Łagodnie i oględnie brzmią słowa meksykańskiego pisarza, dodajmy więc za południowoamerykańskim krytykiem, że jedynym prawem, uznawanym przez Gustavo Sainza jest prawo do eksperymentu.
„Rzeczy realne nic mi nie mówią (…) – pisze z kolei Juan Rulfo, autor „Pedro Paramo” i „Równiny w płomieniach”. – Nie nie potrafię np o
postaciach żywych, muszę je sobie wyobrazić, choć umieszczam je w świecie realnym(…). Bo ludzie wszędzie są podobni, a ci, których wymyśliłem żyją tylko w mojej wyobraźni. Podobnie jak w tradycji i wierzeniach meksykańskich Indian”.

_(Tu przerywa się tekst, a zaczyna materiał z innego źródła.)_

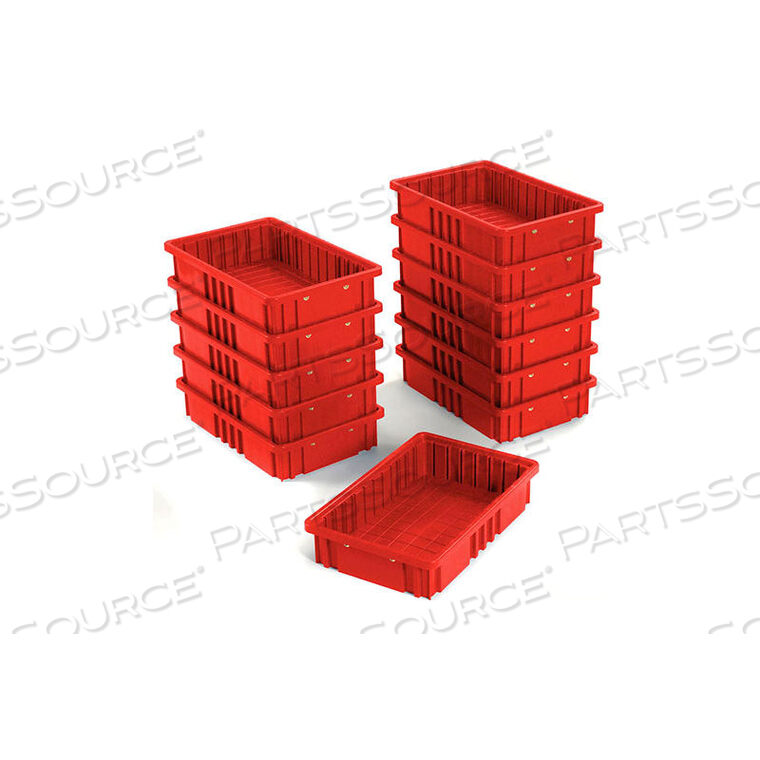 OEM#: DG92035RDGLOBAL INDUSTRIAL PLASTIC DIVIDABLE GRID CONTAINER DG92035,16-1/2L X 10-7/8W X 3-1/2H, RED by Quantum Storage Systems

Jedność przeszłości z teraźniejszością, obecność mitu w codziennym pejzażu, fantazja, wyobrażenia i namacalny banał – to elementy, tworzonej przez pisarzy Ameryki Łacińskiej „rzeczywistości cudownej”.
W latach 70-tych boom iberoamerykański dotarł do Polski w całej okazałości. Czytelnicy chłonęli latynoską prozę, upojeni jej rozmachem i spontanicznością, której nie dostarczała im twórczość rodzima, ani europejska, znajdująca się w okresie zastoju i niewiary w powieść jako gatunek literacki. Wszystkim ,którzy twierdzą, że moc tej literatury wyczerpała się w ciągu krótkotrwałego boomu, wystarczy zaproponować lekturę, napisanej w 1975 r. (wydanie polskie r. 1981) trzytomowej „powieści totalnej” Carlosa Fuentesa pt. „Terra Nostra„.